A time to gain, a time to lose.

She slowly shrinks. The belly, once so delightfully full and round, is now smaller. Still jiggly and soft, but smaller. The face takes on an ever-so angular visage. I can see the bone structure. Everything is the same, but everything is smaller.

It’s nothing drastic; there haven’t been any declarations, stated goals or militantism. She’s just joined a gym and loves it, and has started going 2-3 times a week. She also eats more fresh things. It’s been 12 years since our blind date, 7 since we walked down the aisle.

She looks terrific, not just because of the weight change, but because she feels stronger, and knows she is doing the right thing by moving her body a few times a week to counteract the 10 and 11 hours a day she spends at a desk. Also, at every opportunity, she’ll walk. It used to be tough to get her to walk even a couple of blocks. But her Dad died at 42 of a heart attack. She needs to take care of that heart, those organs, that body. I got her a bicycle recently.
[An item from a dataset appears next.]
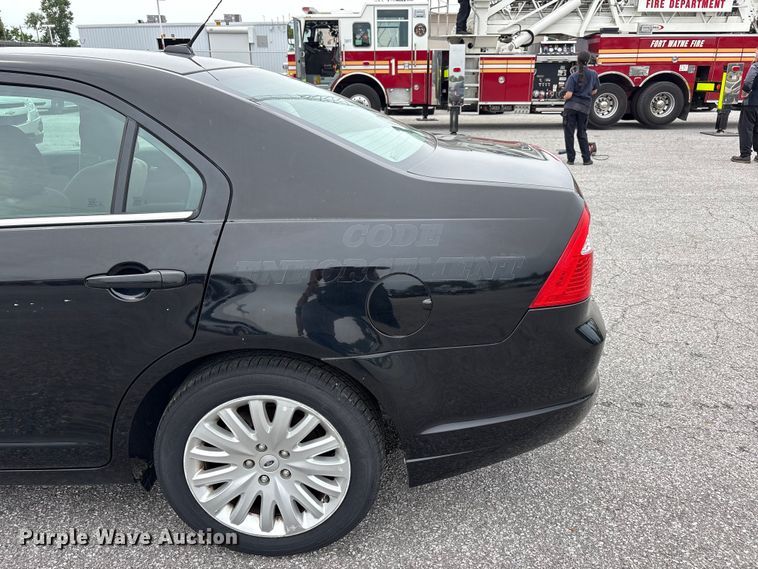 image for item FC2424 2012 Ford Fusion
If she wants to use it, she can, if not, it’s there for her whenever.

So how do I feel about the shrinkage, as a man who deliberately sought a woman of size as a life partner? I feel a variety of things, same as I did as she gained weight through the years.

As she got bigger, I felt silently lucky, and turned on---as well as a little frightened for her health. I also felt protective of her. Some people weren’t so nice with the comments---people on the street. The family said nothing, except behind our backs, I learned later after my father was put in the ground last year.

And now?

I am twice as crazy for her. Who'd have thought? Isn't weight loss, for an FA, a deal-killer?

Why...no. Quite the opposite, in fact.

She is by no means “skinny” and never will be. She will probably jiggle all over, forever, and that’s a nice thought.

But in the end, it is her body, not mine. I just choose to spend my life with this person, and she with me. Her fat is irrelevant. What does it matter in the whole scope of a life partnership, a life of triumph and disaster, jobs lost and gotten, of address changes and arguments and laughter and death and sickness and health? There was a time when we had no food for three days and no money to buy any with. All we had was each other, and there we sat in that tiny, dark apartment, pep talking each other. “Some day,” we said, “It won’t be like this.” And almost at the same time, both our lives took off together and individually, and today, lack of money isn’t an issue. We are not financially set for life, but neither are we scraping to get by.

Neither of us knows how much she has lost, neither one cares, because it isn’t about the numbers. It used to be about the numbers, for me, knowing her weight and her belly measurements. I used to take pride in my head that my wife weighed as much as she did. Used to congratulate myself, like it was an accomplishment.

But it’s time to move to the next phase, and that is that she is doing as she wishes, and if I am who I say I am, I say nothing about the weight loss, same as I kept silent at the gain. If she wants to talk about it, I am available. If not, I will keep silent. It's her body. Size acceptance doesn't mean "Size acceptance as long as you are over 200 pounds." It's not "acceptance", either---that sounds like knuckling under. It's more "You are who you are regardless of weight, and I will come with you on whatever journey you're on."

For some reason, on a variety of levels---mental, emotional, spiritual and physical---this person fascinates me, drives me crazy, and her weight change hasn't affected that at all. I am a devil dog and she is a chubby nymph to be chased, spoiled, wooed and won, every day. When we said our vows, I promised to be her boyfriend as well as her husband, til death did us part. A boyfriend brings flowers, cooks breakfast, leaves little notes in her purse where she can find them, and does other things that say I care, and what are you doing tonight? Come with me and let's live, skip, laugh, be silly, cry, growl, and everything in between.

And every now and then, I will catch the sight of her across a store or coming out of our building while I wait for her in the car, and say, "Who is that beautiful stranger?"